母君譲りの品の良い、涼やかなお顔立ちはご幼少のころのままだったけれど、しばらくお目にかからない間に背丈がぐんと伸びられ、少しずつ父上の義朝さまの精悍な逞しさが添ってこられたようであった。
私がお迎えにあがると
「ああ。では参ろうか」
と頷かれるさまなど、鷹揚な気品がおありになって、源氏の棟梁としての威厳が今から輝くようであられた。
武芸のお稽古は寝殿の南庭の片隅に設けられた一角で行われる。
本日は弓のお稽古とのことだった。
正清さまが仰るには鬼武者さまの弓の腕前はそれはもうお見事なもので、今からもう大人が引くような大きな強弓を楽々とお引きになられるらしい。
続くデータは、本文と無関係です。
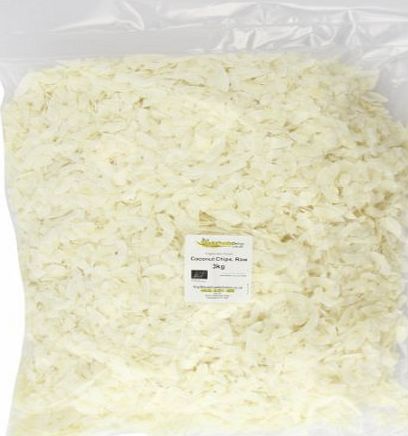 Buy Whole Foods Online Online Ltd. Buy Whole Foods Organic Coconut Chips Raw 3 Kg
「ほんとうに八幡太郎義家公のご再臨に違いなし、と夫が繰り返し申しております」
寝殿に向かう途中、私がそう口にすると鬼武者さまははたと立ち止まられた。
そのまま、じいっと私をご覧になる。
なにかお気に障るようなことを申し上げてしまったかしら、と不安になりかけた刹那。
「佳穂」
鬼武者さまがお口を開かれた。
「なんでございましょう?」
次の瞬間、
「佳穂は正清に他に女の人がいても平気なの?正清がよそで生ませた娘を引き取って育てていて…それは嫌ではないの?」
思ってもよらない方から思ってもみないことを言われて私は絶句した。